The era of
immunotherapies was unleashed in 2010 with the Food and Drug Administration (FDA) approval of the first therapeutic
vaccine sipuleucel-T as a standard treatment for metastatic
prostate cancer. Next, the first immune-activating anticytotoxic lymphocyte antigen-4 (CTLA-4) antibody
ipilimumab exhibiting '
immune checkpoint blockade' was approved by FDA and European Medical Agency (EMA) for the treatment of patients with metastatic
melanoma. New generations of immune checkpoint blockading
antibodies targeting programmed cell death 1 (PD-1) and its
ligand (PD-L1) are now under intense investigation in metastatic
melanoma (MM) and
non-small-cell lung cancer (NSCLC), and impressive clinical results are anticipated. Despite these successes, only a fraction of patients become clinical responders to
therapy. Thus, to improve the selection of patients likely to respond, scrutinizing different immune parameters during treatment is essential.
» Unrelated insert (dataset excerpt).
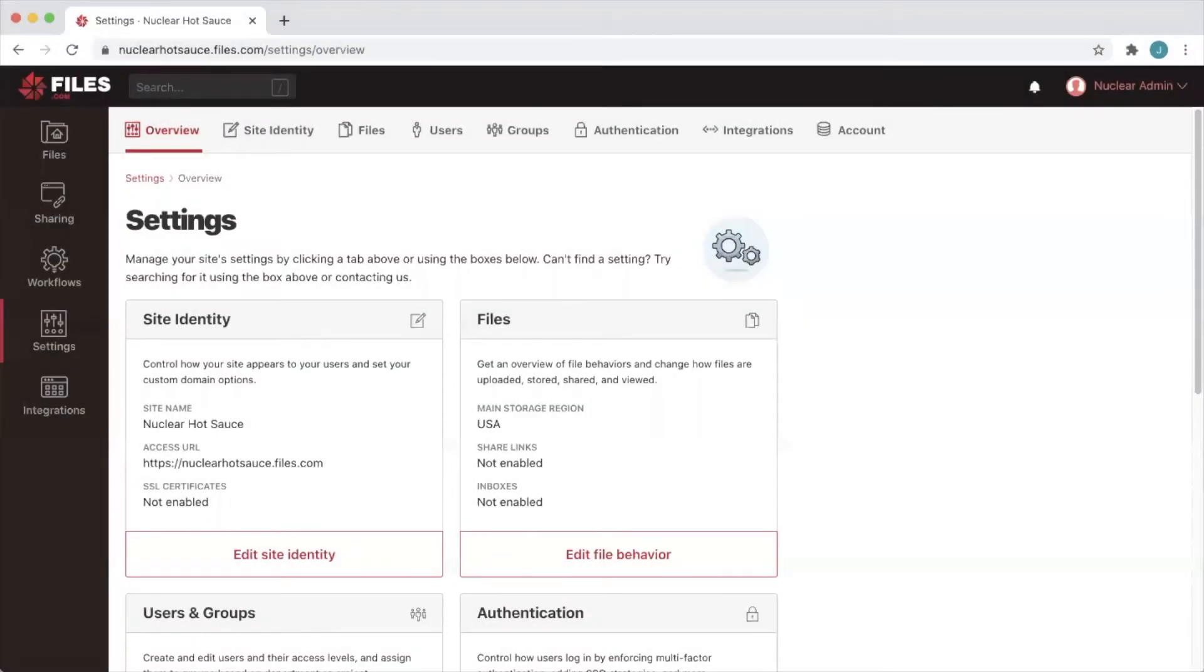Hello and welcome to the files.com video tutorial series. In this session we're going to talk about custom domains.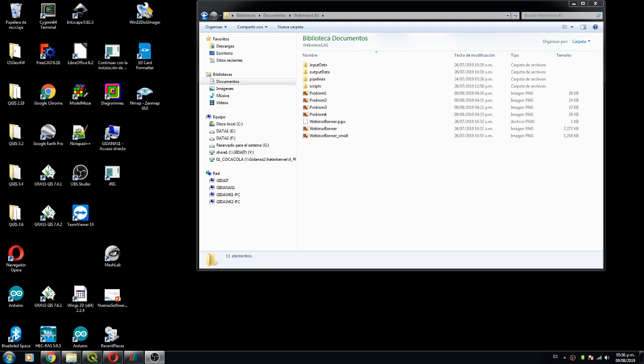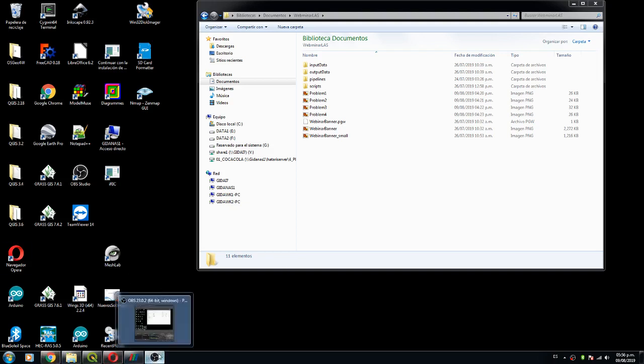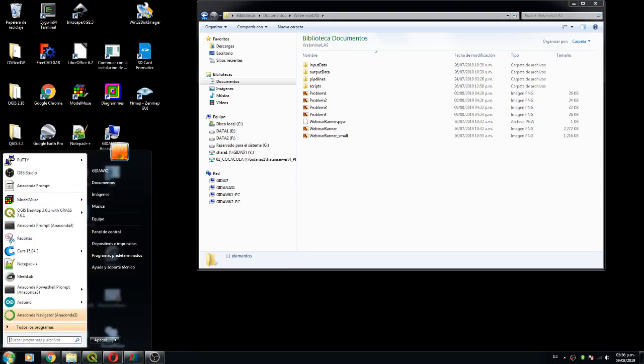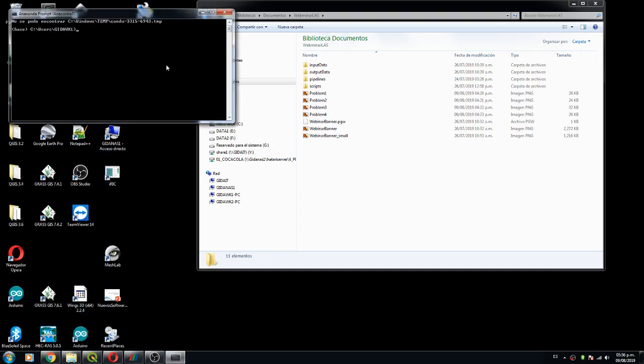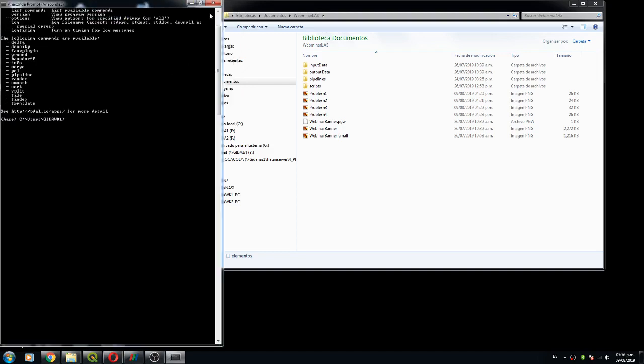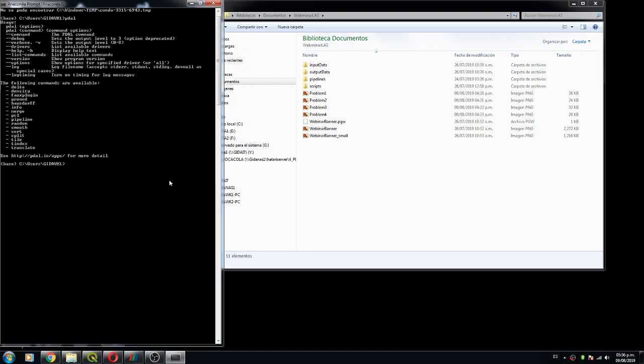We had some problems on the installation of Pedal. If you want to check that Pedal is running on your computer, you should go to Anaconda or Anaconda PowerShell, just type Pedal, and if this appears it seems that it's working and we can go with the webinar.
In the summary of this PhD thesis, we investigated changes in immune parameters and their possible correlation with clinical efficacy in patients with MM during treatments with the standard chemo- and
immunotherapies,
temozolomide (TMZ) and
interferon-α2b/
interleukin-2 (IFN-α/IL-2)
immunotherapy. The overall aim was to assess changes in frequency and absolute counts of different immune cell subsets before and
after treatment and correlate to clinical benefit. Furthermore, the thesis covers a finalized, clinical phase 1 study in patients with NSCLC testing a
peptide vaccination with a HLA-A2-restricted
epitope derived from
indoleamine 2,3 dioxygenase (IDO). The overall aim in this trial was to evaluate safety and tolerability of IDO as an anticancer
vaccine target in patients with NSCLC and to assess whether immunity correlated to clinical response.